In the records below, the relevant part opens with the line containing "Tres mujeres caminan" and closes with the line containing "view of side"; print that part exactly and only, without its pictures.
*** EXTRACTED RECORDS ***
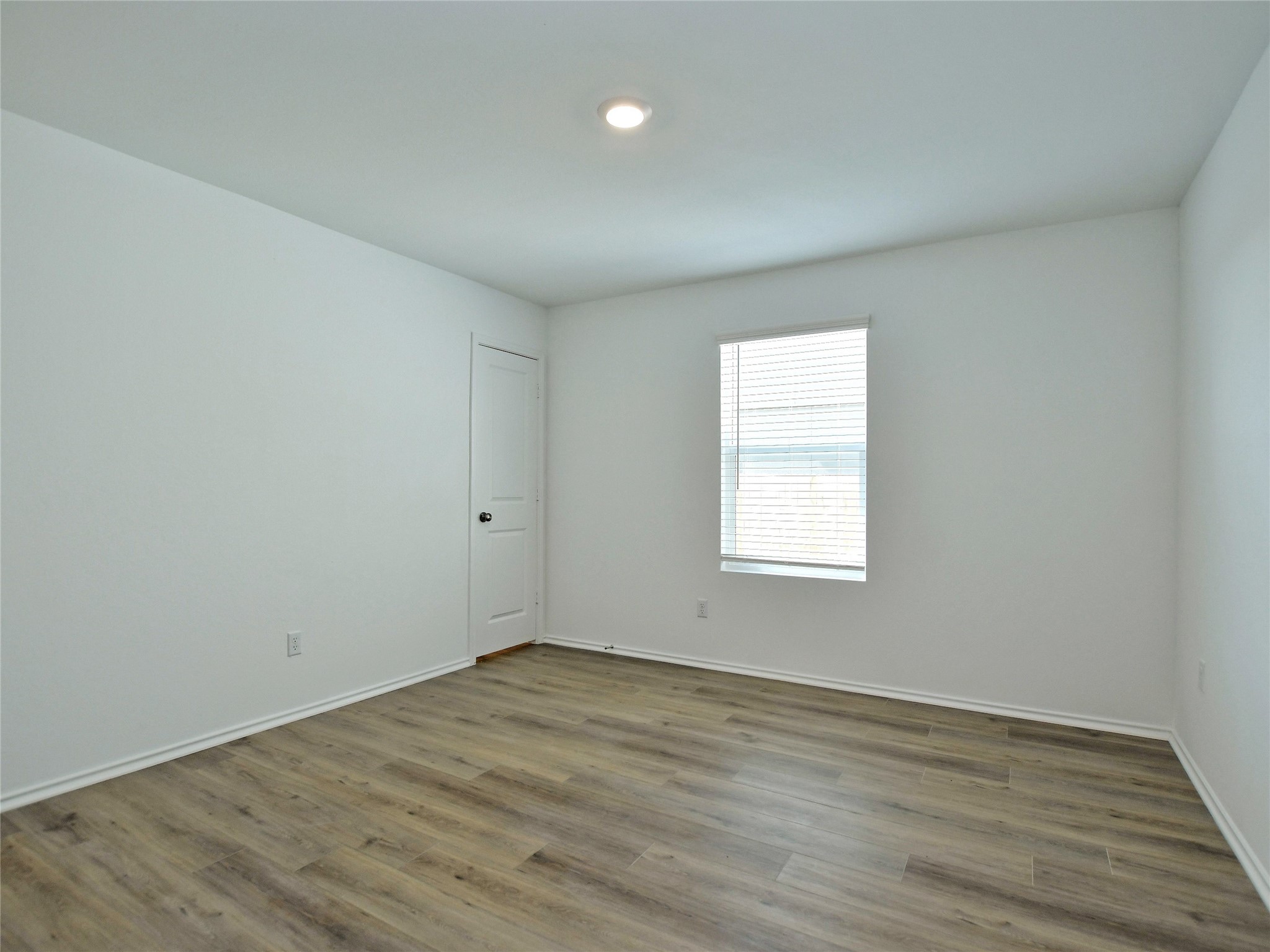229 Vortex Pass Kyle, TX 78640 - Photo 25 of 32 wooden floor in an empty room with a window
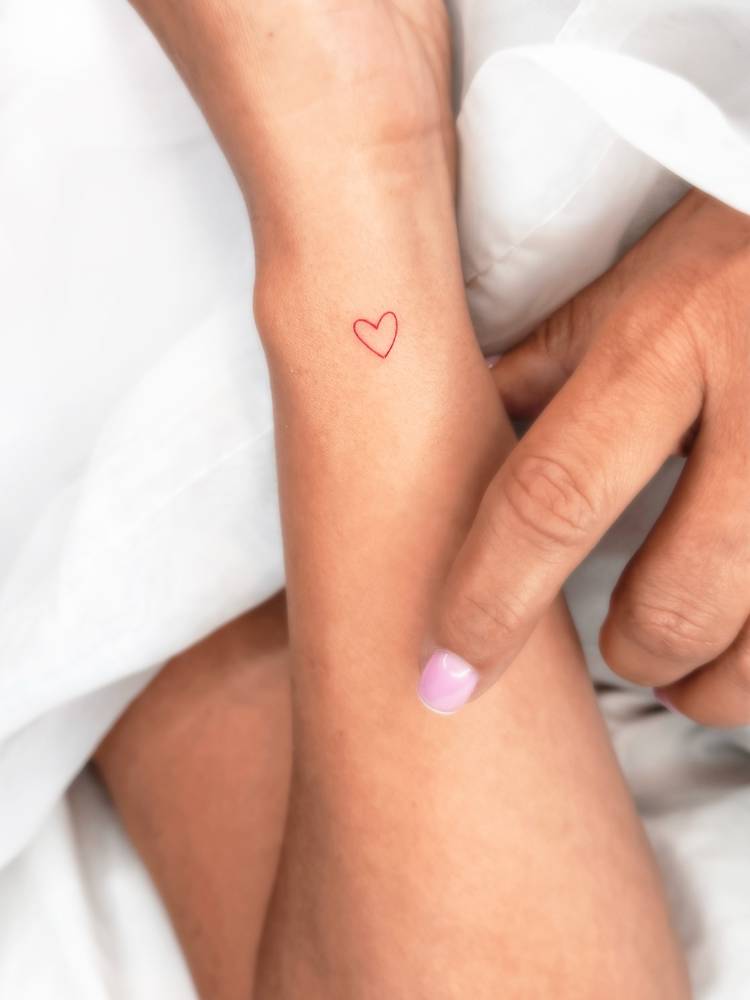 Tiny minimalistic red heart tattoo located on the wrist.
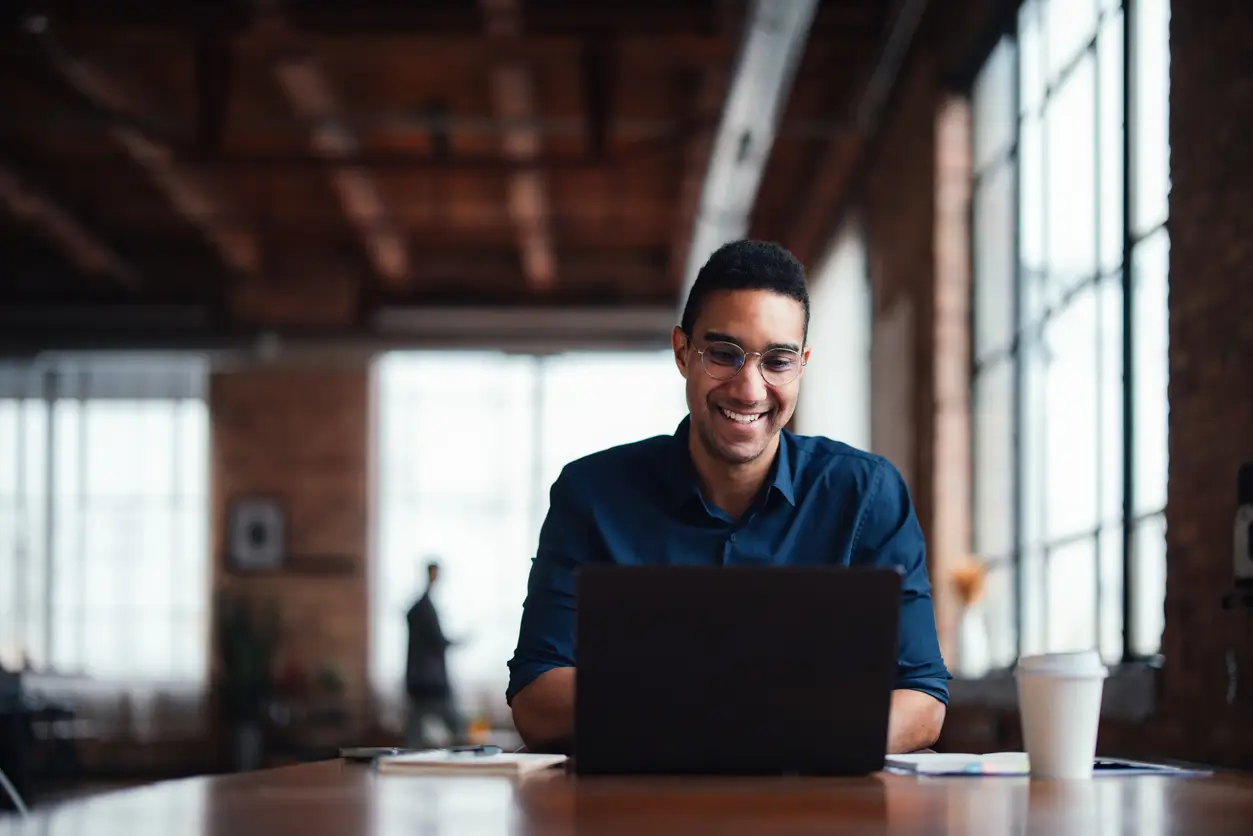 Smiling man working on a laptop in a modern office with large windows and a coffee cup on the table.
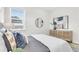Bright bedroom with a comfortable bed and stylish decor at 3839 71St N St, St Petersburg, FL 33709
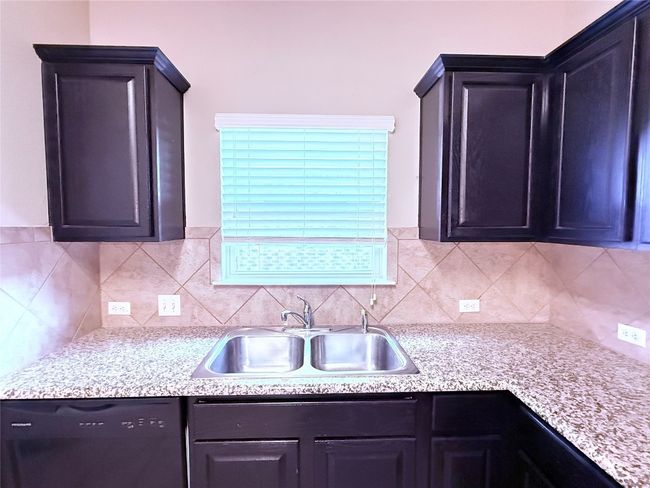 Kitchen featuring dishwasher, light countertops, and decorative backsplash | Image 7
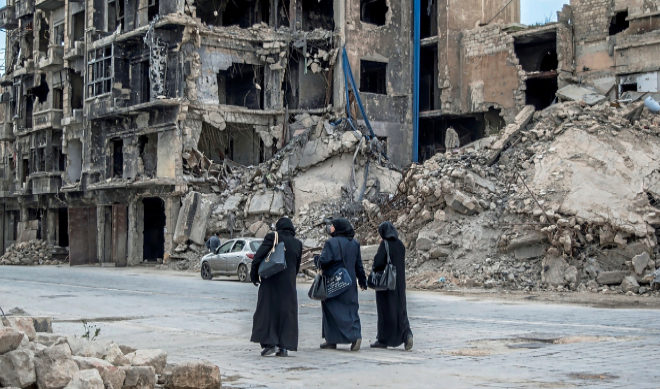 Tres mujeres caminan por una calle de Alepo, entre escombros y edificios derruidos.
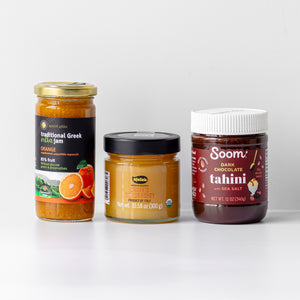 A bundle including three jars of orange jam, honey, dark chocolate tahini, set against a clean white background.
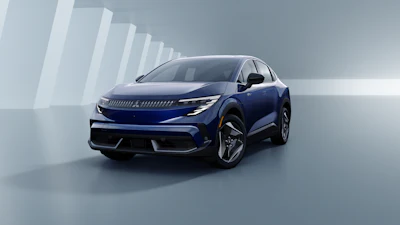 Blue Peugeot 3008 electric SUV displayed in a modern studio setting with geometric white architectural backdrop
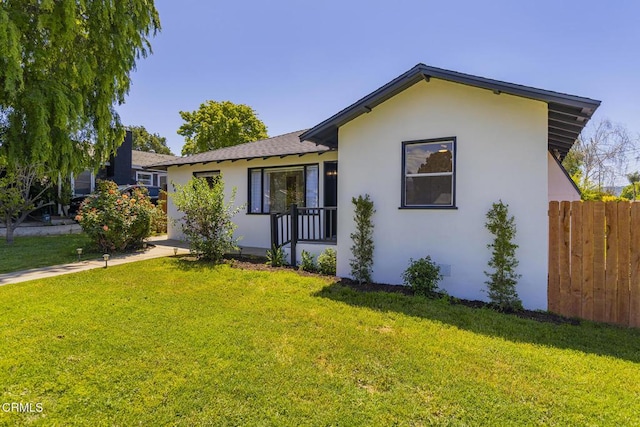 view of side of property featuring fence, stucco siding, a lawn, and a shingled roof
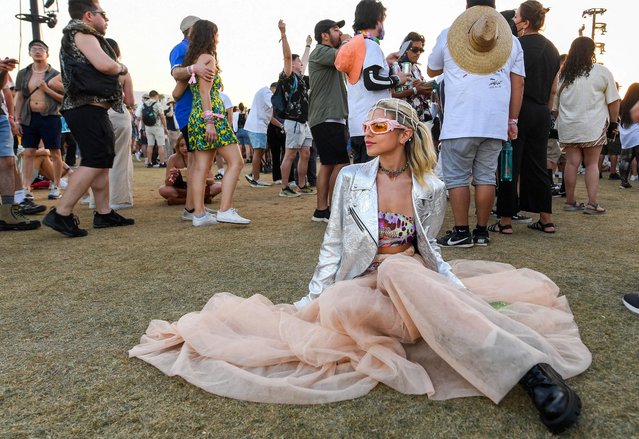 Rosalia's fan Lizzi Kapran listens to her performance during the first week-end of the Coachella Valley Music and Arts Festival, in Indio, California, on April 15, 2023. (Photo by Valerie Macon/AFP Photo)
*** End of EXTRACTED RECORDS ***
_RESPONSE FOR THIS EXERCISE_:
 Tres mujeres caminan por una calle de Alepo, entre escombros y edificios derruidos.
 A bundle including three jars of orange jam, honey, dark chocolate tahini, set against a clean white background.
 Blue Peugeot 3008 electric SUV displayed in a modern studio setting with geometric white architectural backdrop
 view of side of property featuring fence, stucco siding, a lawn, and a shingled roof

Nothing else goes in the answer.